Friday, 20 June 2008

You do have to wonder sometimes ...... (updated x3)

Earlier I commented on the fact that the University of Chicago is to set up an institute named after Milton Friedman. Now from this article from the Chicago Tribune we find out that
... some faculty [...] want to put the brakes on a plan to name a new research center after the Nobel Prize-winning economist.
The article notes that
About a half-dozen faculty members aired their concerns Tuesday in a meeting with Zimmer [U. of C. President] and Provost Thomas Rosenbaum, who remain committed to the project.
One faculty member is quoted as saying
"It is a right-wing think tank being put in place," said Bruce Lincoln, a professor of the history of religions and one of the faculty members who met with the administration Tuesday. "The long-term consequences will be very severe. This will be a flagship entity and it will attract a lot of money and a lot of attention, and I think work at the university and the university's reputation will take a serious rightward turn to the detriment of all."
Another member of faculty is quoted as saying
"I don't think any institute of any educational institution should be so strongly aligned behind a single ideological program," said U. of C. music professor and department chair Robert Kendrick.
Other faculty have said
"For many people who travel around the word, the university has had a pretty bad reputation that is tied to the Chicago School and economic principles that Milton Friedman advocated," said Yali Amit, a U. of C. statistics and computer science professor. "We don't think it's a great idea to strengthen this reputation."
The article also notes that
Rosenbaum [U. of C. Provost] said the center will not push any particular point of view.

"We are honoring a great scholar, and that is the intent here," Rosenbaum said. "We are supportive of a wide range of ideas across the spectrum of ideologies, and it's not intended to promote any ideology."
And
Economics professor Lars Peter Hansen, chair of the committee that proposed the institute, said the opponents are confusing Friedman's economic scholarship with his social and political views.

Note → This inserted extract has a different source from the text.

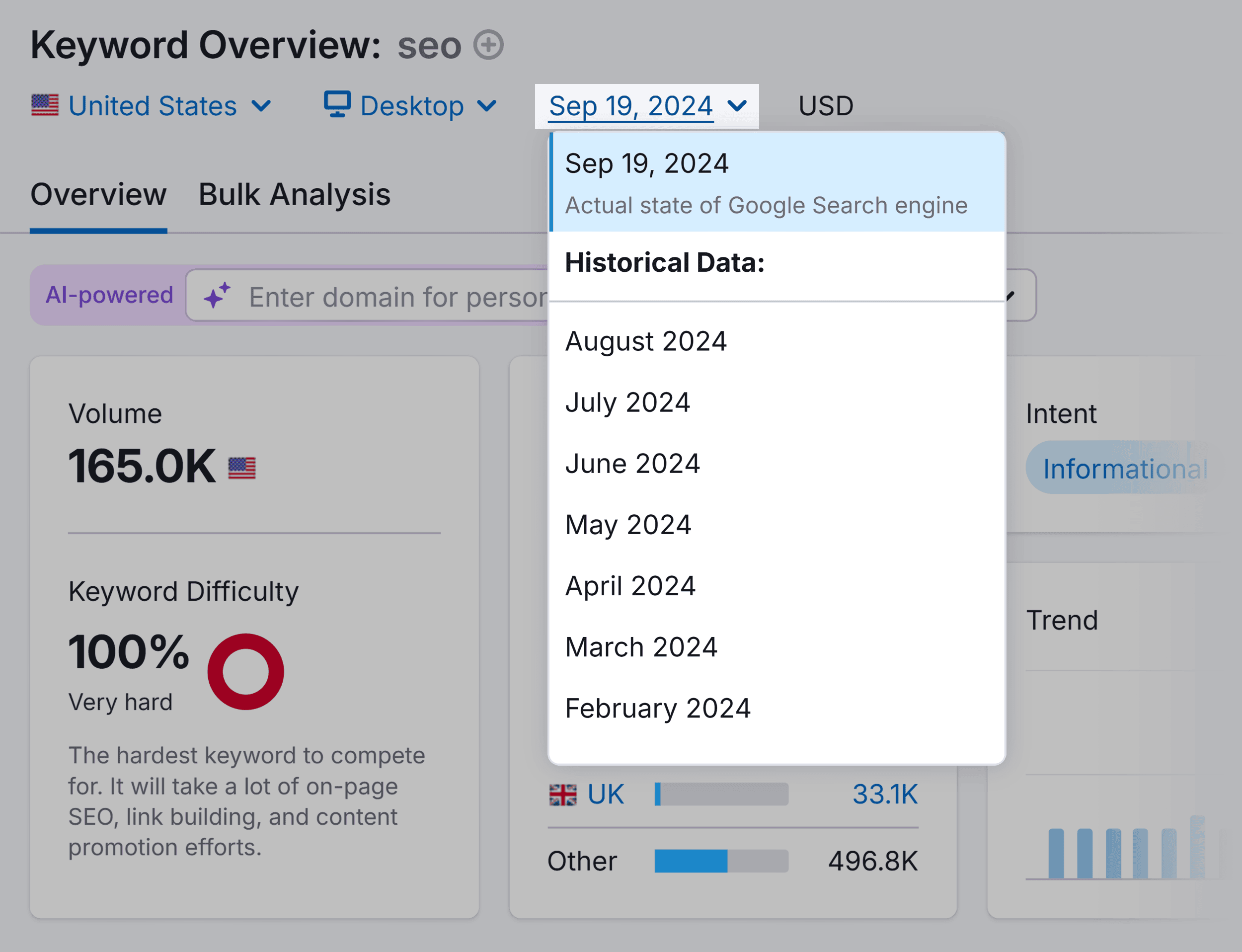 Keyword Overview – Historical Data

He said the center will not have any "particular political slant."

John Cochrane, a business school professor who served on the Friedman Institute committee, also emphasized that the center will be nonpartisan.
But the best response came from Jagdish Bhagwati
Columbia University economics professor Jagdish Bhagwati laughed when he heard about the latest debate at the Hyde Park campus.

"It is nonsensical to object. . . . Chicago should be proud it has someone like Milton on its rolls," he said. "Anybody who can claim that Milton was not one of the major thinkers of his time is crazy."
Well said that man!

Update:
Stephen Kirchner of Institutional Economics comments here, and notes
The opposition probably tells us more about the lack of diversity and the ideological biases at the rest of the university than at the new research centre.
Update 2: Michael C. Moynihan comments at Reason magazine.

Update 3: Steven D. Levitt comments here and David Warsh comments here.